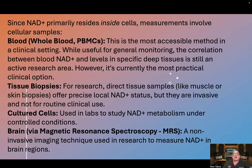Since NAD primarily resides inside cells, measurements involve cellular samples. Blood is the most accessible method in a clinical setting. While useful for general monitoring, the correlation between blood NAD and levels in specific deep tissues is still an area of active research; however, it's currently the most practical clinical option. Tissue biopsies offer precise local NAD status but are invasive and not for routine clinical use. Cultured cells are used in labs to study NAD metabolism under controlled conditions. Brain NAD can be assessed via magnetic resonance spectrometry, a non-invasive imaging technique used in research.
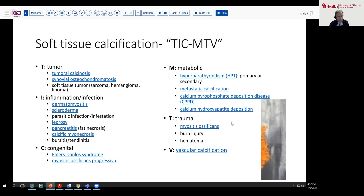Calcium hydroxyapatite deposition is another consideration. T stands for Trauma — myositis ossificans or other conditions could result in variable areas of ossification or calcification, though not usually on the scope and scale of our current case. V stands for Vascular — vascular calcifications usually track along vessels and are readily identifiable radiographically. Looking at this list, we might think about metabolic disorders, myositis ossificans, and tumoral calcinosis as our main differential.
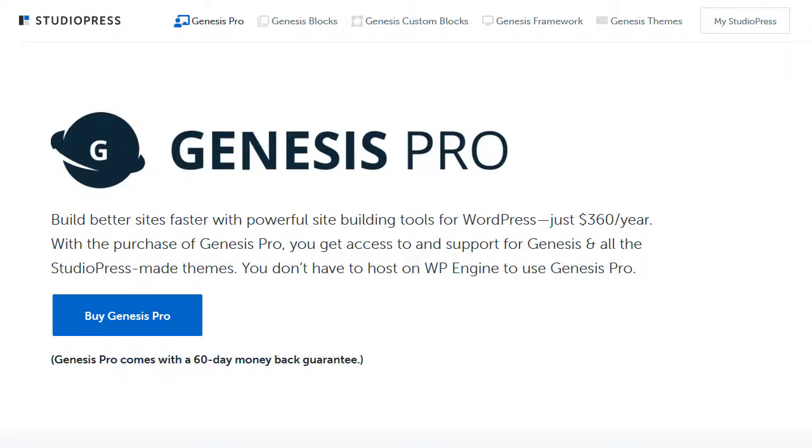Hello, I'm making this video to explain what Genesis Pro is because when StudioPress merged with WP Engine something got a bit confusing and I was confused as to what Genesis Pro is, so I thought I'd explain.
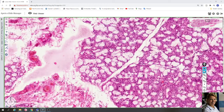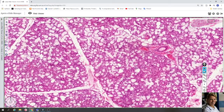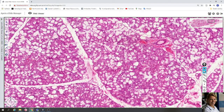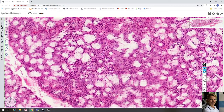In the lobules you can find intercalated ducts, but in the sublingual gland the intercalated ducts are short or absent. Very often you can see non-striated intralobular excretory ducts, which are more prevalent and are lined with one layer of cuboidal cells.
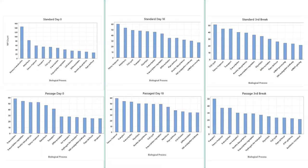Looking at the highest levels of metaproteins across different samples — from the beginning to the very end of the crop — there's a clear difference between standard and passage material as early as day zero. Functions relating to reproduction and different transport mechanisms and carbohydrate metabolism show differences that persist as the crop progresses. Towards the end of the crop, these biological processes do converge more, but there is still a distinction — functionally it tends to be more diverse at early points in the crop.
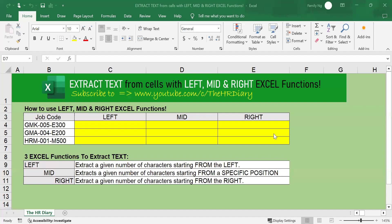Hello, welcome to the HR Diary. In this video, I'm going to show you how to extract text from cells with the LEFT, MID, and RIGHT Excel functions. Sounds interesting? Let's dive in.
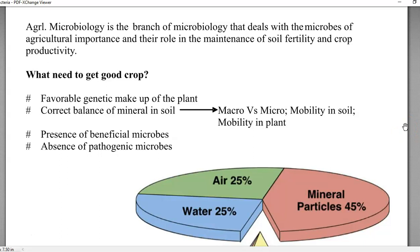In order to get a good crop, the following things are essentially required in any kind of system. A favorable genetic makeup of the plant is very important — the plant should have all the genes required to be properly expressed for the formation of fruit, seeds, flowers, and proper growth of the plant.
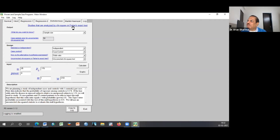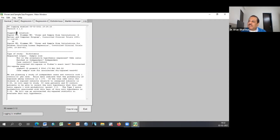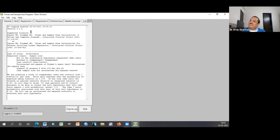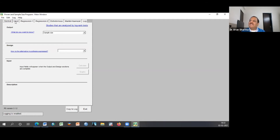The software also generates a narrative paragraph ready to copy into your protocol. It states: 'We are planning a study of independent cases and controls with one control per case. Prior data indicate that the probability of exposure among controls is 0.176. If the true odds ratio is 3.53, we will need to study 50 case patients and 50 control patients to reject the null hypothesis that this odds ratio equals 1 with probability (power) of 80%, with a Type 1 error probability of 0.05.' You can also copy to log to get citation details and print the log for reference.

----

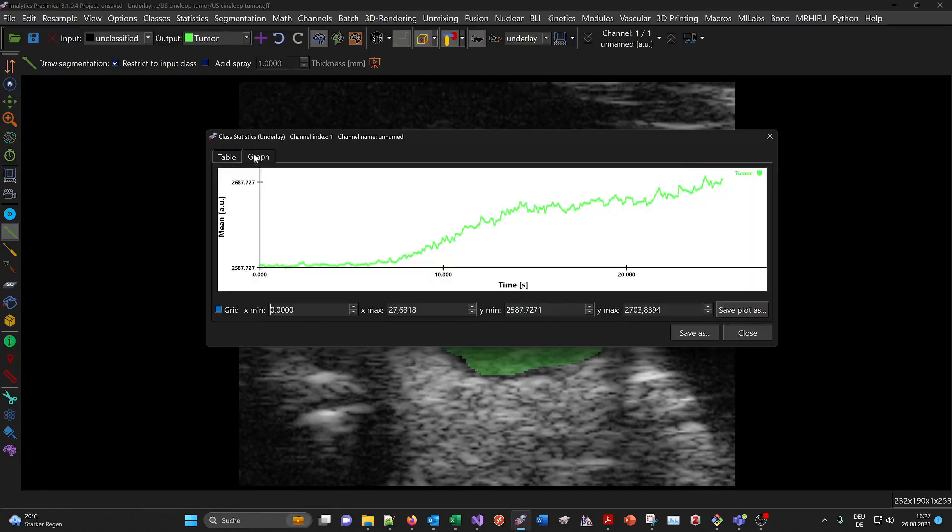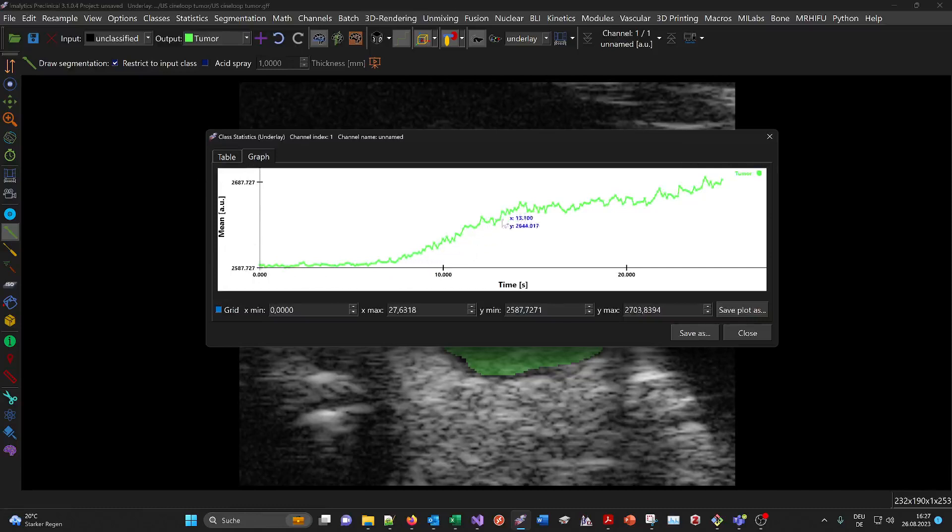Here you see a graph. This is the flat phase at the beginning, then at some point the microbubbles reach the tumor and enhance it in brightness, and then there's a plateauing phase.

----

From the listing above, restate verbatim the lines running from the one with "Calcium hydroxyapatite deposition" through the one with "In the lobules", inclusive, but not the pictures.

Calcium hydroxyapatite deposition is another consideration. T stands for Trauma — myositis ossificans or other conditions could result in variable areas of ossification or calcification, though not usually on the scope and scale of our current case. V stands for Vascular — vascular calcifications usually track along vessels and are readily identifiable radiographically. Looking at this list, we might think about metabolic disorders, myositis ossificans, and tumoral calcinosis as our main differential.
Hello, I'm making this video to explain what Genesis Pro is because when StudioPress merged with WP Engine something got a bit confusing and I was confused as to what Genesis Pro is, so I thought I'd explain.
In the lobules you can find intercalated ducts, but in the sublingual gland the intercalated ducts are short or absent. Very often you can see non-striated intralobular excretory ducts, which are more prevalent and are lined with one layer of cuboidal cells.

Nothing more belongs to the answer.